◆ Work item
Without including any pictures, reproduce the full listing exactly.

◆ Dataset extract
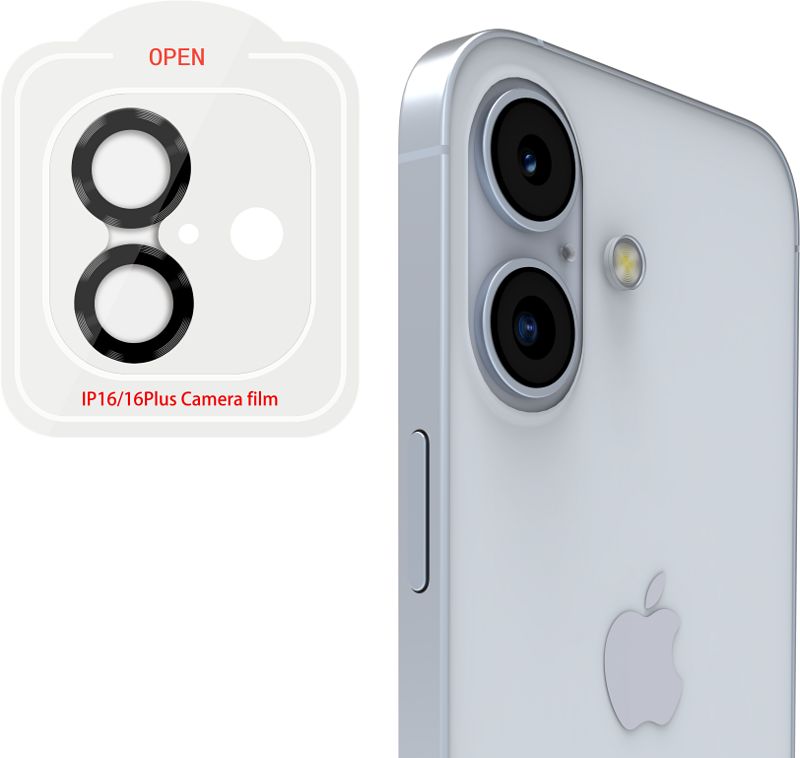 Foto van Bluebuilt apple iphone 16/16 plus camera lens protector aluminium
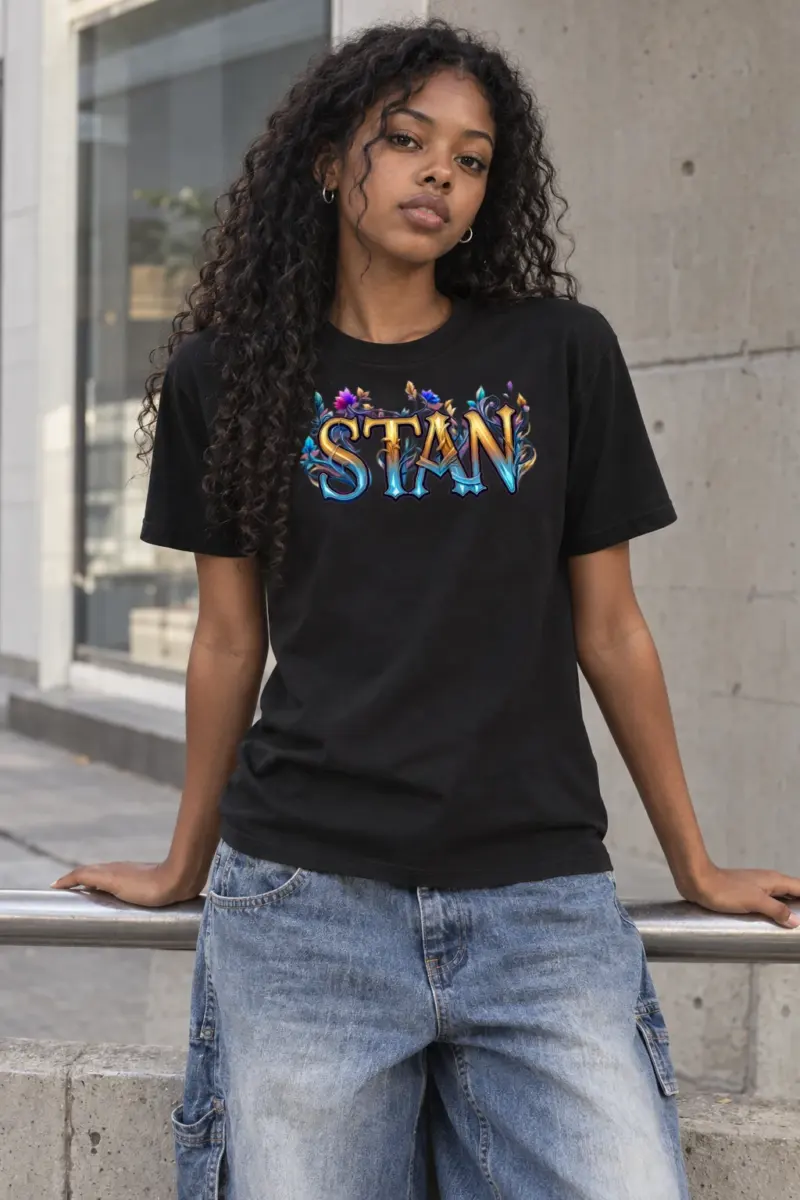 "Stan Floral Script" Heavyweight Unisex Crewneck T-shirt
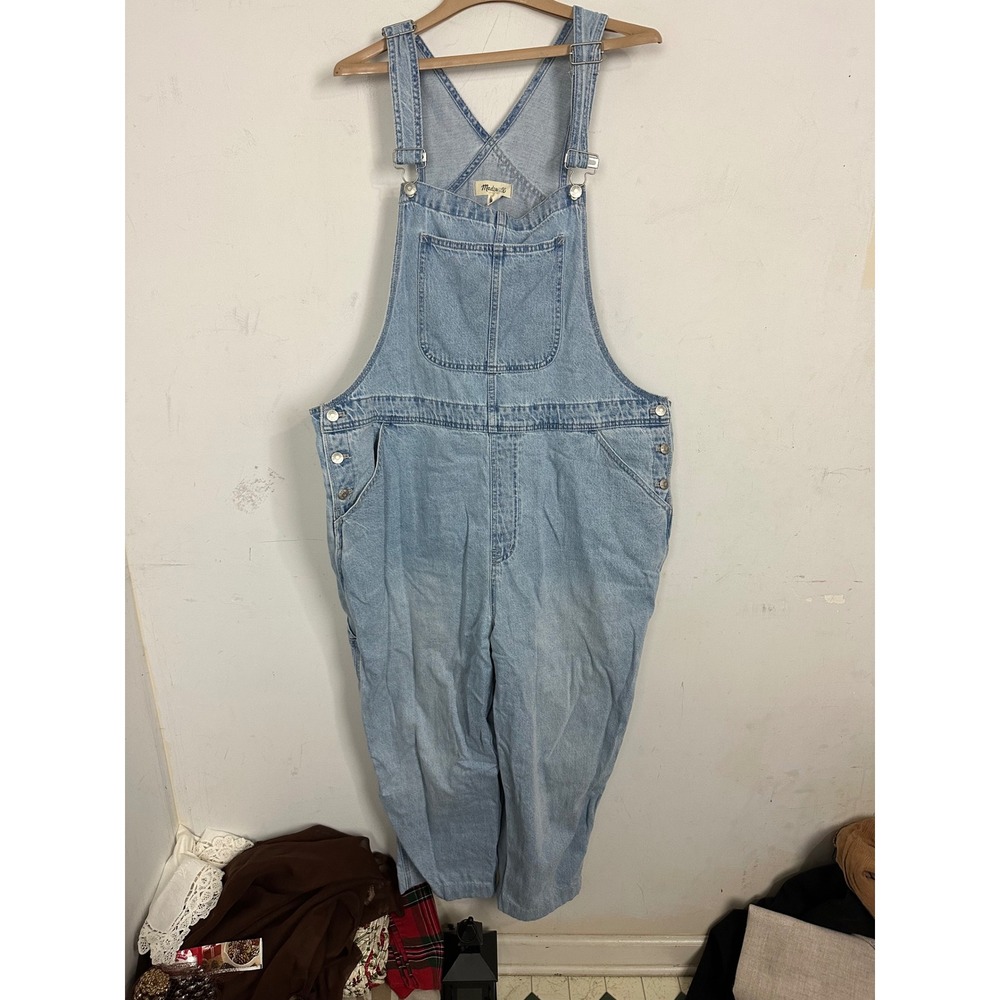 Madewell Denim Overalls Womens 3X Light Wash Blue Cotton Tencel Straight Leg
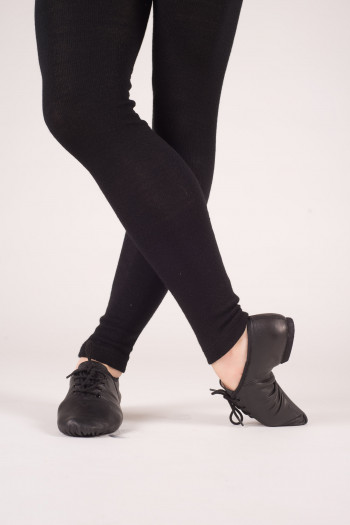 Chaussons danse modern'jazz cuir souple - noir pour les clubs et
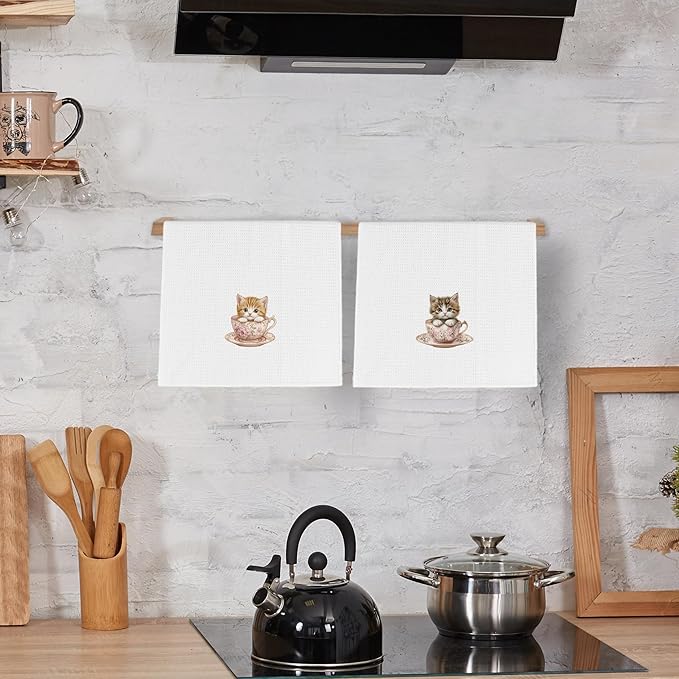 Vintage Floral Cats Kitchen Dish Towels 16x24 Inch Set of 2, Cat Tea Cup Gift for Cat Lover, Cute Pet Dish Towel, Flower Decorative Hand Tea Towels for Bathroom Cooking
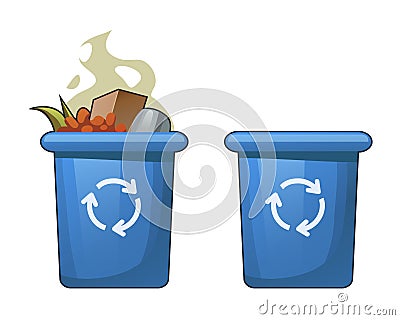 Vector full and empty blue trash bins. Vector Illustration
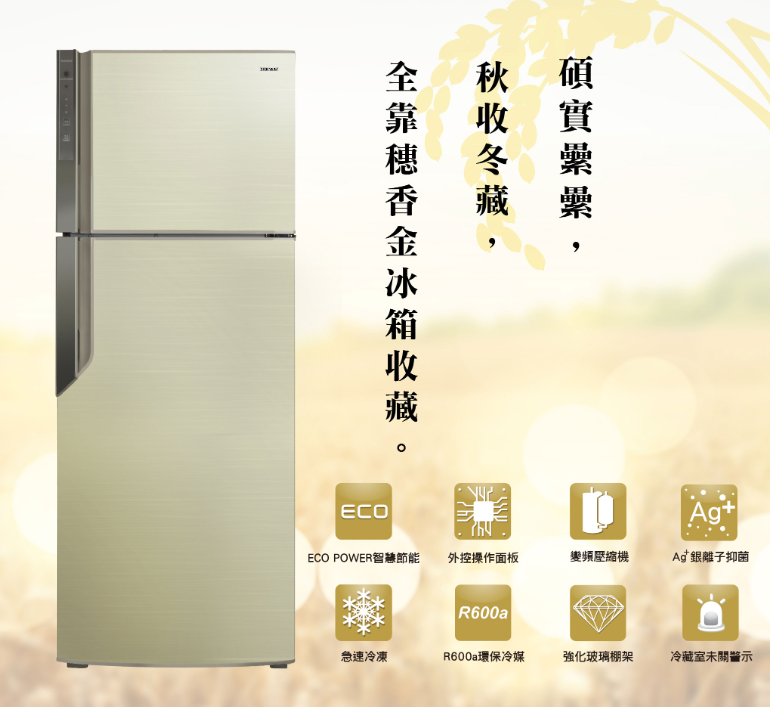 【HERAN 禾聯】485L一級能效穗香金系列變頻雙門電冰箱 HRE-B4823V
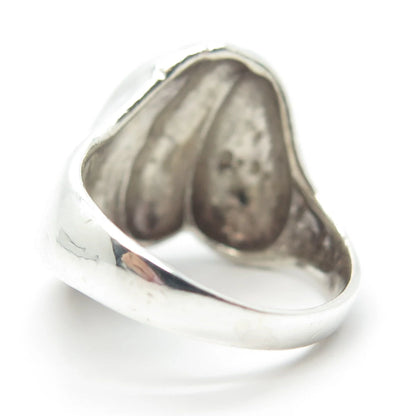 925 Sterling Silver Vintage Ribbed Ring Size 8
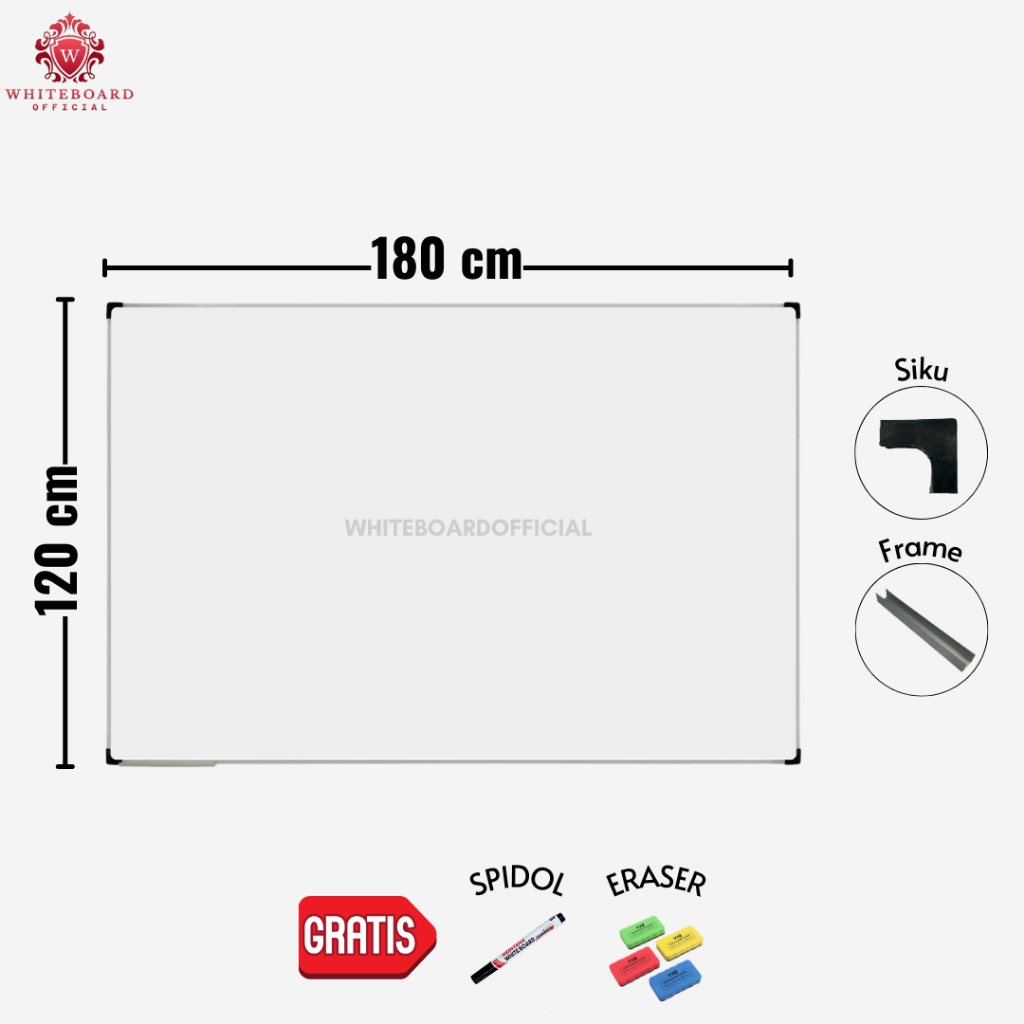 

RAIJIN Papan Tulis White Board 120x180cm / Whiteboard Non Magnet Gantung Mudah Ditulis & Dihapus
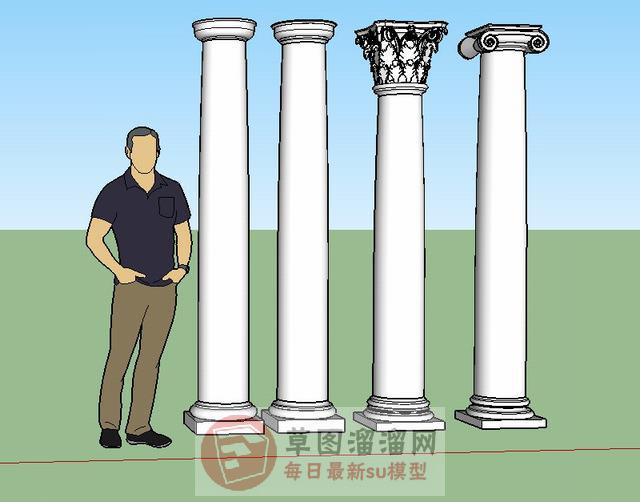 罗马柱石柱装饰柱SU模型分享作者是【猪头】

◆ Solution
 Foto van Bluebuilt apple iphone 16/16 plus camera lens protector aluminium
 "Stan Floral Script" Heavyweight Unisex Crewneck T-shirt
 Madewell Denim Overalls Womens 3X Light Wash Blue Cotton Tencel Straight Leg
 Chaussons danse modern'jazz cuir souple - noir pour les clubs et
 Vintage Floral Cats Kitchen Dish Towels 16x24 Inch Set of 2, Cat Tea Cup Gift for Cat Lover, Cute Pet Dish Towel, Flower Decorative Hand Tea Towels for Bathroom Cooking
 Vector full and empty blue trash bins. Vector Illustration
 【HERAN 禾聯】485L一級能效穗香金系列變頻雙門電冰箱 HRE-B4823V
 925 Sterling Silver Vintage Ribbed Ring Size 8

RAIJIN Papan Tulis White Board 120x180cm / Whiteboard Non Magnet Gantung Mudah Ditulis & Dihapus
 罗马柱石柱装饰柱SU模型分享作者是【猪头】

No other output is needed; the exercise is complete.